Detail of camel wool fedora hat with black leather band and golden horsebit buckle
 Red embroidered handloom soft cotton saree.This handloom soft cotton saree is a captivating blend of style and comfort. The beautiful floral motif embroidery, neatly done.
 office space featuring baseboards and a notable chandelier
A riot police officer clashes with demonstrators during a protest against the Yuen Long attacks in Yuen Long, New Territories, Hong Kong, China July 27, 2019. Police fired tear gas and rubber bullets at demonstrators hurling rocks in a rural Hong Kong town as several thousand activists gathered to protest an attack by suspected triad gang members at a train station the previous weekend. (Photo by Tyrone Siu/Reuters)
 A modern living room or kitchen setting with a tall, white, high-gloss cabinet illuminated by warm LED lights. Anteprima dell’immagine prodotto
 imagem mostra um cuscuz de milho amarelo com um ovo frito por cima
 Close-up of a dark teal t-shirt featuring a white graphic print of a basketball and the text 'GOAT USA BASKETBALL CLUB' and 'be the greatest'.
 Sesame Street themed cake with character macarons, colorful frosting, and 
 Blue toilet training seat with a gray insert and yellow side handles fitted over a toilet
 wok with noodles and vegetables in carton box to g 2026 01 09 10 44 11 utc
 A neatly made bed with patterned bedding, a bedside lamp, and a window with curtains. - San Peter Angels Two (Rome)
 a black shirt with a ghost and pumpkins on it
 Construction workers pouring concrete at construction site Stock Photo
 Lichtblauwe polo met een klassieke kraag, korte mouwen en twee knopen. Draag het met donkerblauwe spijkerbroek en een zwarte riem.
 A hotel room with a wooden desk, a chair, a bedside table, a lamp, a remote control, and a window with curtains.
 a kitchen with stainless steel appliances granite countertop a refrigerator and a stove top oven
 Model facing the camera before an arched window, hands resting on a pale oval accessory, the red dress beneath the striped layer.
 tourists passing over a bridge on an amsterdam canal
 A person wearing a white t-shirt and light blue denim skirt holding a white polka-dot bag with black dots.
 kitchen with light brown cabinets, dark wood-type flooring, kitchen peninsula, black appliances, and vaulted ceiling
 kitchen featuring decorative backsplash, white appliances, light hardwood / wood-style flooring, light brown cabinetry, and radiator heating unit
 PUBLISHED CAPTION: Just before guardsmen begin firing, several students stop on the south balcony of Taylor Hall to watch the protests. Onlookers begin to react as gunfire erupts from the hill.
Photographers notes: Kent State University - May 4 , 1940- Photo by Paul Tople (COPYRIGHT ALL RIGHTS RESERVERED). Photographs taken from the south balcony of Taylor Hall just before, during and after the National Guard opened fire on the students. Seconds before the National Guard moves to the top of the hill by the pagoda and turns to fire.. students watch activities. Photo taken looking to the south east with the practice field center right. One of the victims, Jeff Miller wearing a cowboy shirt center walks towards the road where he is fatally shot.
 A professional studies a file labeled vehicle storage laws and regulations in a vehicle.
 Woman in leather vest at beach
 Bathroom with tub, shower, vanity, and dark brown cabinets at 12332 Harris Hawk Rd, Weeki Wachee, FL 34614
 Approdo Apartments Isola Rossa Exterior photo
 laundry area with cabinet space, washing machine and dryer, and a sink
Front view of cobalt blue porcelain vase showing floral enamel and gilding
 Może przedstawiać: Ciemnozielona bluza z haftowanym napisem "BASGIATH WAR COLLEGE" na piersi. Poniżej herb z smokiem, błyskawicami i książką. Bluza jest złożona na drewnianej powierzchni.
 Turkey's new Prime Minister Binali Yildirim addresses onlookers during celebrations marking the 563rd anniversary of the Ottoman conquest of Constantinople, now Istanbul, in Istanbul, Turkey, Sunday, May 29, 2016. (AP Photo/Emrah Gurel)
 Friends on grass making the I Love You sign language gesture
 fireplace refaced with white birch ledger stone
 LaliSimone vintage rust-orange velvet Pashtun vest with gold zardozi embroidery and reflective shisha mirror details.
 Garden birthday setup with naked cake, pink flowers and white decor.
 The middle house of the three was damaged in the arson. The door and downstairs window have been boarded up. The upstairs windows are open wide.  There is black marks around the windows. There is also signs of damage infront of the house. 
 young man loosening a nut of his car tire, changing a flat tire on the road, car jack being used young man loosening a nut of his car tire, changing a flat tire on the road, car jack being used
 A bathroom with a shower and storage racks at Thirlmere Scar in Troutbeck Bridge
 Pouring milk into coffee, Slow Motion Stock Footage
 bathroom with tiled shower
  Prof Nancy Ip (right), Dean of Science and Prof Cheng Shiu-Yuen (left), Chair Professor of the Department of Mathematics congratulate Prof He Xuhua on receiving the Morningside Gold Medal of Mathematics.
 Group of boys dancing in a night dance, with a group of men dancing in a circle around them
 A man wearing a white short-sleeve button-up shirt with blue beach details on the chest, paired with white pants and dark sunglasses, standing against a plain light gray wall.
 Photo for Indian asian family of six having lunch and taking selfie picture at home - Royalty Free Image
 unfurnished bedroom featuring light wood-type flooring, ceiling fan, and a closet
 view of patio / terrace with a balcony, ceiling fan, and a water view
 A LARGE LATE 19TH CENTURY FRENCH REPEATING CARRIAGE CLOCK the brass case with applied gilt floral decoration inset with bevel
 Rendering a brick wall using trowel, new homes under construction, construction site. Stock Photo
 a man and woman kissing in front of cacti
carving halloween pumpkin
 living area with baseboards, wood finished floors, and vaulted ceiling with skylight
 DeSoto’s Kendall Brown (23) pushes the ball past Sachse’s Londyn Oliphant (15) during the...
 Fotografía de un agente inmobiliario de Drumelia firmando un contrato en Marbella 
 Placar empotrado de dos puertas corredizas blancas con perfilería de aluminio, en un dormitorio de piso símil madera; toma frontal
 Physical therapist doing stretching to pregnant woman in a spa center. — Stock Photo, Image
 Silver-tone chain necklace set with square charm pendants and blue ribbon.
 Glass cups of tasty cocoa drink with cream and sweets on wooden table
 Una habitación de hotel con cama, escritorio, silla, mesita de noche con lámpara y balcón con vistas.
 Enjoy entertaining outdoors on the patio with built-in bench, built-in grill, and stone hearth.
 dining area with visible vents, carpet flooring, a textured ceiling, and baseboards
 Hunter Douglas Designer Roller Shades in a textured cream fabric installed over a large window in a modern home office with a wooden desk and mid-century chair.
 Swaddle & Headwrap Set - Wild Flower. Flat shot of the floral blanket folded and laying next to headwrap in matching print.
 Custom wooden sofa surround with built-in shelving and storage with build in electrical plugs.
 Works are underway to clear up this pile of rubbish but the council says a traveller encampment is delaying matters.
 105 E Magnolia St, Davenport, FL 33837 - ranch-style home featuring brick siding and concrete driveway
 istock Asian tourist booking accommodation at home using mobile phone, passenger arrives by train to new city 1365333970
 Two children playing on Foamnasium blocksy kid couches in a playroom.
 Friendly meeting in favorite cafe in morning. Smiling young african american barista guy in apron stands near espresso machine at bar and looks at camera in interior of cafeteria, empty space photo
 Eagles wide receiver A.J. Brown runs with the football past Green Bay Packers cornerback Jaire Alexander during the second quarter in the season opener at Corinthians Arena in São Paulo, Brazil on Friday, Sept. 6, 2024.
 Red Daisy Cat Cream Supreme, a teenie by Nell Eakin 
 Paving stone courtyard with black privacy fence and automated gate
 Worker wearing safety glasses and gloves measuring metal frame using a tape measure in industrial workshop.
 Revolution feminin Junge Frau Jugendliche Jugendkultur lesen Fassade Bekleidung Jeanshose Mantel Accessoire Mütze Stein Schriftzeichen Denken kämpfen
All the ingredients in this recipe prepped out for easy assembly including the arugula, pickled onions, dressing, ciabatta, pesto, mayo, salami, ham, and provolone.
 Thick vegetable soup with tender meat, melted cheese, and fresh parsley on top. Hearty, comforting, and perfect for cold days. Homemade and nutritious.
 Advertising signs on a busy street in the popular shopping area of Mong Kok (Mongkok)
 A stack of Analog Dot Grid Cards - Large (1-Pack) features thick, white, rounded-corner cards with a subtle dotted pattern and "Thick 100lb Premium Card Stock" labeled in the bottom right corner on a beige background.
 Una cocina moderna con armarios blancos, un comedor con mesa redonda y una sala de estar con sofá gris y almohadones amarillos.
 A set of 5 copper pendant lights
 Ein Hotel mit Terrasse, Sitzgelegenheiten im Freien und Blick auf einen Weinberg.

### ACTIVITY:
Look at the material above and copy, word for word, its lines from the first through the one containing "Red embroidered handloom".

### ANSWER TO THE PROBLEM:
Detail of camel wool fedora hat with black leather band and golden horsebit buckle
 Red embroidered handloom soft cotton saree.This handloom soft cotton saree is a captivating blend of style and comfort. The beautiful floral motif embroidery, neatly done.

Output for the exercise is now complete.